Chicago certainly has no dearth of fine dining options available. While we may not stack up to the New Yorks or Paris’ of the world, we definitely have our fair share of Michelin star restaurants (say, Blackbird). On a recent outing to Sepia, I was reminded of just how fortunate we are to have so many great places to choose from.
Located in the West Loop, just a block away from Blackbird and avec, Sepia is a contemporary American restaurant headed by chef Andrew Zimmerman that has been awarded a Michelin star the past two years. The place itself is small but very comfortable, with only one dining room adorned by racks of wine on the wall. The front of the house also contains a bar area for those stopping in for drinks.

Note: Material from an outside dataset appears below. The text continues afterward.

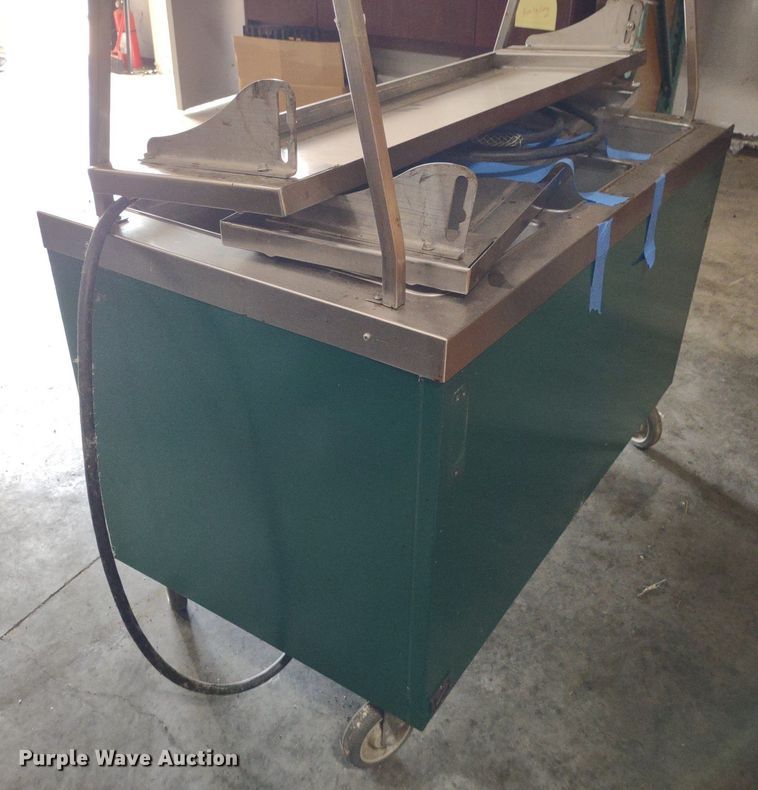 image for item DQ1740 Restaurant equipment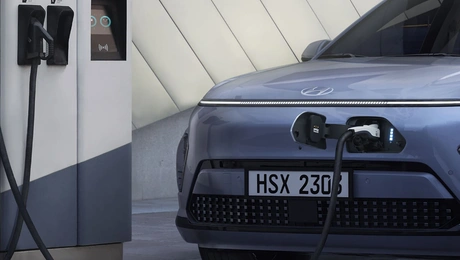 charging EV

Having never tried sweetbreads, I was intrigued when I saw them on the menu. After listening to a spirited recommendation from the server, I was sold—sweetbreads to start. They were soft and silky, fried and crispy. The thought of eating thymus gland may be off-putting to some, but truthfully the taste is not exceedingly radical from anything we normally eat and I think most people would have little reservations eating them if they didn’t know what they were.

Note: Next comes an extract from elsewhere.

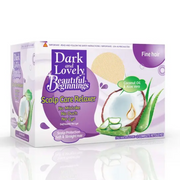 Dark & Lovely Beautiful Beginnings No-Lye Relaxer Kit Feines Haar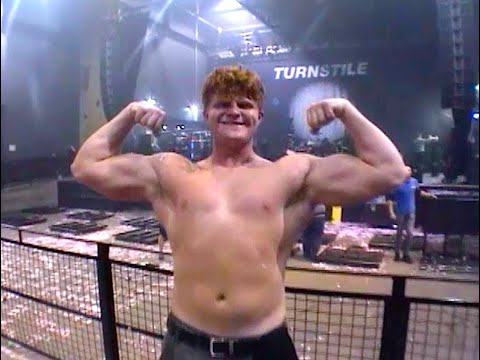 TURNSTILE LOVE CHANNEL 13 (COLUMBUS)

For main courses, I had the flat iron steak while the rest of my table had the sturgeon and apple braised pork shank. My steak was cooked perfectly to medium rare (as all steaks should be), and was accompanied by some mushrooms and fingerling potatoes, as well as some coffee grounds on top. The mix of flavors ended up working well together and the coffee changed things up enough to keep it interesting. There was also a Bearnaise sauce to go alongside it but I completely forgot all about it until the end. As for the sturgeon, the fish was cooked nicely, but that’s about all I can say since it takes a lot for a fish dish to stand out for me. My mother seemed to enjoy it though. The pork shank was fall-off-the-bone tender and had a sweet apple-y flavor.
Capping the meal off was an amazing dessert, a flourless chocolate cake with bitter chocolate mousse and stout ice cream. If you’re a chocolate lover, you’ll be in heaven. And if you’re not a chocolate lover, you’d still be floored by how good this thing was. Paired with the stout ice cream, which was phenomenal on its own, just pushed it into some sort of dessert nirvana.
Seriously it was that good, and the perfect end to a meal that served as a reminder that Chicago’s fine dining scene takes a backseat to no one.